「「南京」検定も国主導」? 沖縄タイムスの報道より
こちらのエントリのコメント欄でfelis_azuriさんからご教示いただいた情報です。
沖縄タイムス 2007年9月18日(火) 朝刊 1・25面 「南京」検定も国主導/職員、反証文献出版にお礼
「官僚中心」以前から/関係者が証言
旧日本軍の文書などを基に、日中戦争当時の南京での日本軍の行動を示す史料を集めた「南京戦史」(偕行社、一九八九年)が発刊された際、文部省(当時)の教科書課職員が「これで(南京大虐殺の被害者が)二十万人、三十万人と書いてくる教科書に指導ができる」と、編集者らにお礼に訪れていたことを、十七日までに関係者が証言した。教科書検定は、教科書課職員が最初から記述修正の方向性を決め、検定意見作成にかかわるなど、以前から官僚主導で行われていた実態が浮かび上がった。(教科書検定問題取材班)
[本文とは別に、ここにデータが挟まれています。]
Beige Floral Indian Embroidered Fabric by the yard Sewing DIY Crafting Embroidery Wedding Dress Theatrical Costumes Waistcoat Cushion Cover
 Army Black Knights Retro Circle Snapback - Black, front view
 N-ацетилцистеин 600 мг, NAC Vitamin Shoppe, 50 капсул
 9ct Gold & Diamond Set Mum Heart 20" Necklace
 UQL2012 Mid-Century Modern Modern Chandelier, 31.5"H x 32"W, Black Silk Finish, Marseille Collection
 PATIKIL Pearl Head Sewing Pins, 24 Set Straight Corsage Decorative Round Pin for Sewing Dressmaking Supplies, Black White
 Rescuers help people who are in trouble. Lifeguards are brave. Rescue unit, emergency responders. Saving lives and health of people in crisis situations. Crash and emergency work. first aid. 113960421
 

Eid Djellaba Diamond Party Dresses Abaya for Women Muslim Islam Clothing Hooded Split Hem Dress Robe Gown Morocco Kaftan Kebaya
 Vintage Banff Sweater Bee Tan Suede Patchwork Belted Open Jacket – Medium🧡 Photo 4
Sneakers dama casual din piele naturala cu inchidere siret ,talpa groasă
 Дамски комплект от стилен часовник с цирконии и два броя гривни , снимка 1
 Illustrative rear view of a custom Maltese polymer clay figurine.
証言したのは「南京戦史」の編集にもかかわった研究者。南京戦史が発刊されて間もなく、同省の教科書課職員が偕行社を訪れ、編集にかかわった人々に「ありがとうございます」とお礼を述べたという。
「南京戦史」は発刊の目的の一つに、「学校の教科書に記載されている『南京事件』の誤った記述を是正する根拠を提供すること」を挙げる。防衛庁(当時)などに残っていた戦史記録や、元日本兵の証言などを基に、中国兵捕虜のうち殺害された人を三万人前後、一般市民で殺害された人を一万五千七百六十人以下などとし、「(虐殺被害者が)二十万、三十万という数字がまったく真実性に欠けていることを証明」と記す。
お礼に訪れた文部省職員は「これで、被害者数を二十万人、三十万人と書いてくる教科書に対し、『反証になる文献もあるので、これを併記するように』と指導できる」と話したという。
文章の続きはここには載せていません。